# What is the cost of living in Singapore and reasonable salary for 5yrs Network Engr



## dkumar.js (Aug 12, 2013)

Hi All,

I am looking for job in Singapore and done B.Tech/CCNP. I am working as Network Engineer having 5yrs in IT Industry. I dnt know about cost of living there. One for consultancy is providing Job offer in Singapre with SGD4000/month salary whether its reasonable or not for staying there. I also eager to know which Employment pass is suitable for B.Tech professional(with 5 yrs Exp). I am preparing for CCIE Security and want to join there Classes for that along with Job. Whats there institute fee for CCIE Security Written & LAB. What should be atleast salary for Network Professional with 5 yrs Exp. Could anyone let me know these all issue so I can think about my budget to plan to move Singapore? In how much SGD, I can survive monthly and save in my account?


----------



## beppi (Jun 10, 2013)

S$4000/month is o.k. to live on if you are single and rent a (sublet) room only, but not enough if you have family and need to rent a whole apartment.
It seems a bit low for somebody with a degree and 5 years experience, and probably at the lower end of what you can get a work visa (Q1 EP) with, but as an Indian you might not be able to get more, because thousands of your countrymen also try to get here at all cost.


----------



## dkumar.js (Aug 12, 2013)

Thanks beppi,

I am single only and will be marrying next year and thinking after getting marry I will be staying with family. what will happen if I change the company after 6th or 7th month because i need to get good salary if i will be stay with wife. as for as Visa that consultancy told me either P1 or P2 EP will be provided.


----------



## beppi (Jun 10, 2013)

P2 pass requires a salary of S$4500/month and P1 pass minimum S$8000/month.

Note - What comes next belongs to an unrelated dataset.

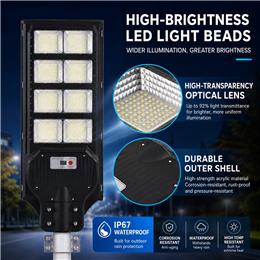 CS-1200LED product detail image 2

You will only get a Q1 pass.
S$4000 is the minimum salary with which you are allowed to bring your (foreign) wife as dependant.

These numbers are due to be raised soon (probably later this year), but the old rules usually continue to apply to existing passes (note that changing job means changing pass and then you might be downgraded and/or your wife might have to leave).

MoM does not like job hoppers, so it is safer to wait at least two years before you change.


----------